Deep mapping of the podocyte proteome unravels altered protein dynamics during differentiation

Podocytes are epithelial postmitotic cells which maintain the renal filtration barrier. Immortalized mouse and human podocyte cell lines‐both in the differentiated and undifferentiated state‐are widely utilized tools to estimate podocyte injury and cytoskeletal rearrangement processes in vitro. Here, we mapped the cultured podocyte proteome of both mouse and human origin at a depth of more than 8800 proteins in the differentiated and undifferentiated state, respectively. We performed comparative analyses of both “deep” proteomic profiles. Cultured podocytes express abundant copy numbers of endogenous receptors, such as tyrosine kinase membrane receptors, the G protein‐coupled receptor (GPCR), NPR3 (ANP receptor), and several poorly characterized GPCRs.

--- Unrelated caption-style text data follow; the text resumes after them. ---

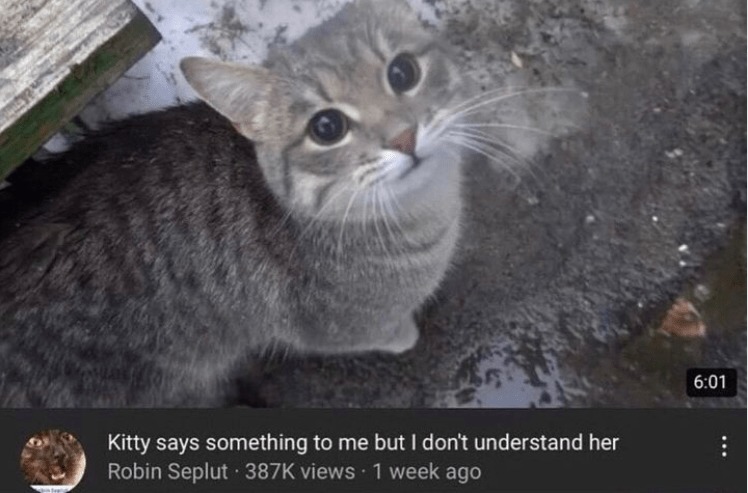 This is a sad cat story - meme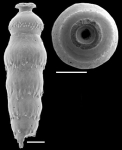 Siphonodosaria lepidula (Schwager, 1866) Identified specimen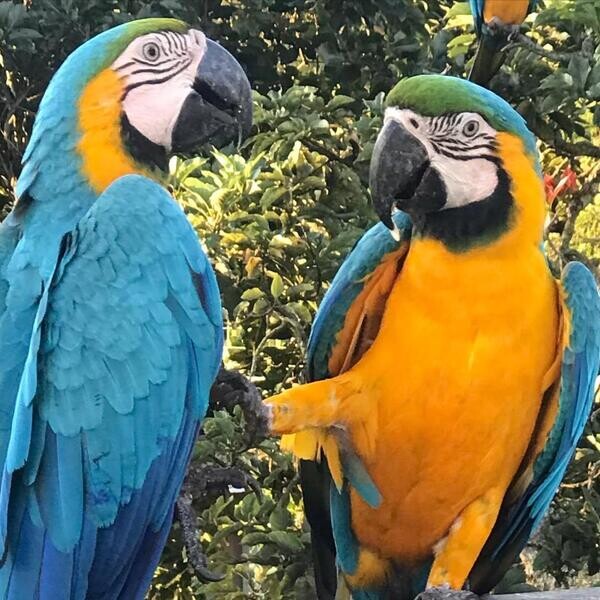 Macaw parrots for rehoming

Some protein classes associated with podocyte disease, such as slit‐diaphragm associated proteins and ion channels, were hardly detected. Differentiation‐induced changes were comparable in mouse and human podocytes, but slight differences, e.g. in proteins associated with lipid metabolism were detected. Notably, this data set detected general perturbations in proteostatic mechanisms as a dominant alteration during podocyte differentiation irrespectively of the species: Proteasome activity and kinetics were high in the undifferentiated state and lysosomal activity was high in the differentiated state. Proteome‐wide stability measurements in differentiated and undifferentiated podocytes demonstrated preferential degradation mechanisms in each state, which may partially explain the cellular morphology of each state. In conclusion, podocyte differentiation in vitro is largely associated with a proteostatic shift, and the deep proteomic mapping approach utilized here may demonstrate the limitations, but also the potential of podocyte cell culture.